Jumat, 29 April 2005.
Ekonomi Bisnis
Caltex Minta Insentif dari Pemerintah
Jum'at, 29 April 2005 | 17:33 WIB
TEMPO Interaktif, Pekanbaru:PT Caltex Pasific Indonesia mengharapkan insentif dari pemerintah untuk dapat meningkatkan kembali produksinya. Tanpa insentif tersebut, menurut Manajer Public & Goverment Affair Sumatera Caltex, Djati Sussetya. Caltex yang merupakan anak perusahaan Chevron Texaco milik Amerika Serikat, tak akan mampu bersaing dengan unit bisnis Chevron yang sama di negara lain.
Insentif sangat diperlukan terutama untuk mengaktifkan kembali sumur-sumur minyak marjinal yang jumlahnya lebih dari 300 buah di lahan Caltex. Produksi perusahaan minyak tertua di Indonesia ini terus menurun.
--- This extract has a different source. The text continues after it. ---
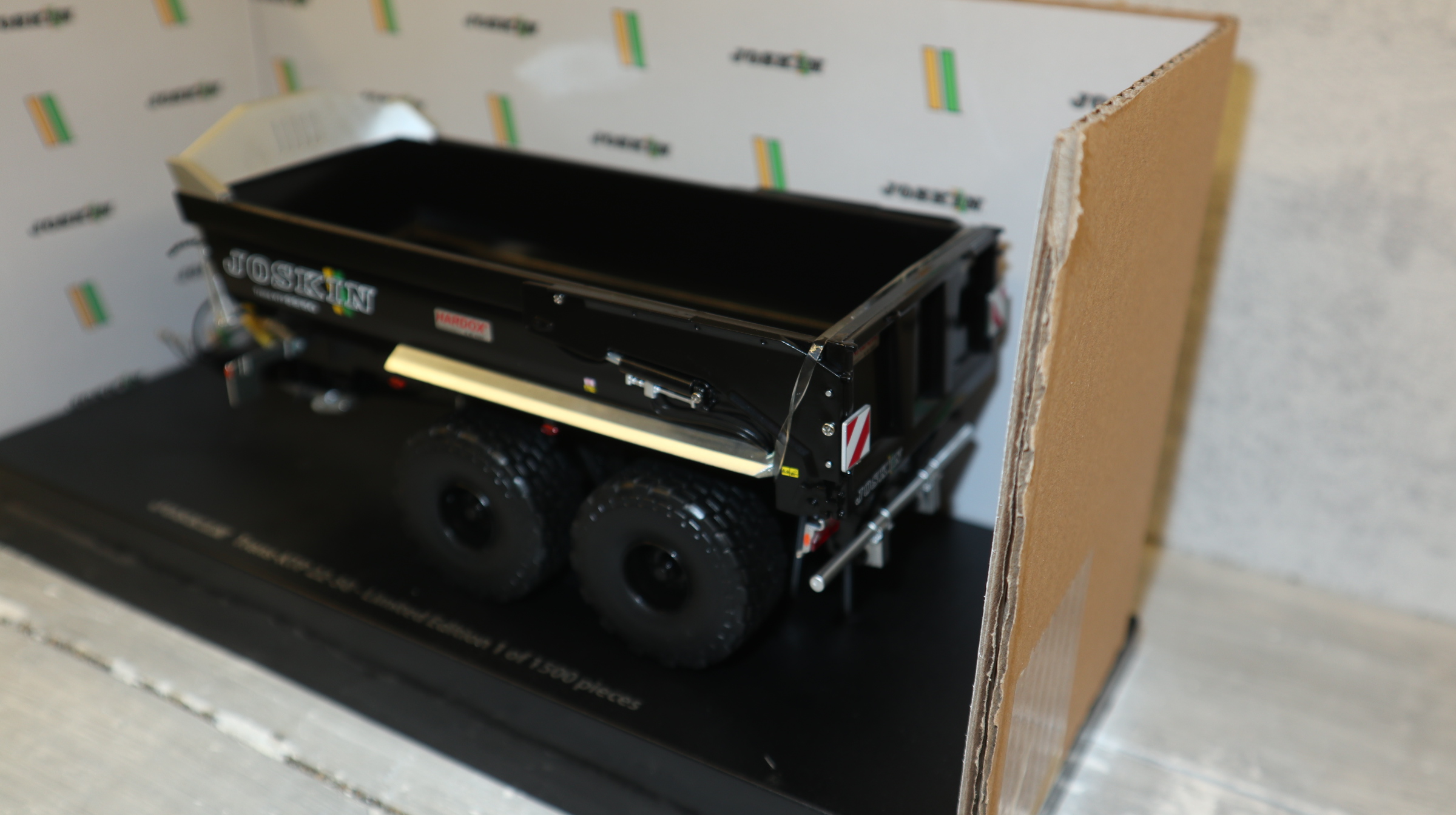 Universal Hobbies UH 6805 in 1:32, Joskin Trans-KTP 22-50 BLACK Edition,  NEU in OVP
Saat ini Caltex hanya mampu berproduksi sebanyak 550 ribu barel perhari, padahal sebelumnya produksi Caltex bisa mencapai 750 ribu barel per hari.
Menurut Djati, bila sumur-sumur marjinal dapat diaktifkan kembali, maka produksi bisa dimungkinkan untuk naik. "Tetapi tanpa insentif dari pemerintah, siapa yang mau, karena penambangan di sumur marjinal sangat tidak ekonomis,"tandasnya.
Split yang diterapkan pada Caltex sangat rendah dan tidak kompetitif untuk internasional. Dalam kontrak kerjanya dengan pemerintah, split yang diterapkan pada Caltex adalah 90 : 10. Sekarang ini, fokus Caltex, menurut Djati, hanya menahan laju penurunan produksi. Untuk itu, Caltex menerapkan teknologi baru dengan menggunakan surfactan untuk mengangkat minyak ke permukaan. Sebelumnya, teknologi yang diterapkan menggunakan injeksi air.
Penggunaan teknologi surfactan ini membutuhkan biaya yang sangat tinggi. Karenanya, untuk sementara waktu teknologi ini baru sebatas pilot project. "Kalau ini berhasil, maka teknologi ini akan kami teruskan. Kalau perlu bangun pabrik surfactan disini agar tidak perlu impor," tuturnya.
Djati menyangkal anggapan yagn menyatakan kurang produktifnya Caltex saat ini karena komitmennya yang mulai berkurang kepada Indonesia. Menurutnya, komitmen investasi Chevron Texaco hingga saat ini tidak berkurang, bahkan cenderung bertambah. Jumlah yang diinvestasikan Chevron utuk operasional saja, masih sekitar US$ 610 juta per tahun. Sedang untuk kapitalnya, masih sekitar US$ 200 juta. "Saya rasa anggapan bahwa Caltex akan pergi dari Indonesia tidak benar, karena kontraknya saja baru akan berakhir tahun 2021,"ujarnya.
Diakui Djati, Caltex sangat sulit bersaing dengan unit bisnis Chevron lainnya di berbagai negara. Misalnya, Kazhakstan, negara pecahan bekas Uni Sovyet tersebut, saat ini memikat investasi Chevron. Karena, bisnis minyak di negara itu relatif baru, sehingga prosesnya lebih mudah dan pembagian hasilnya pun lebih besar.
Untuk itu, Djati berharap agar berbagai kebijakan di Indonesia mengenai kontrak kerja sama minyak ini dapat di perbaiki. Diantaranya, mengenai pembagian hasil dan pengurangan pajak.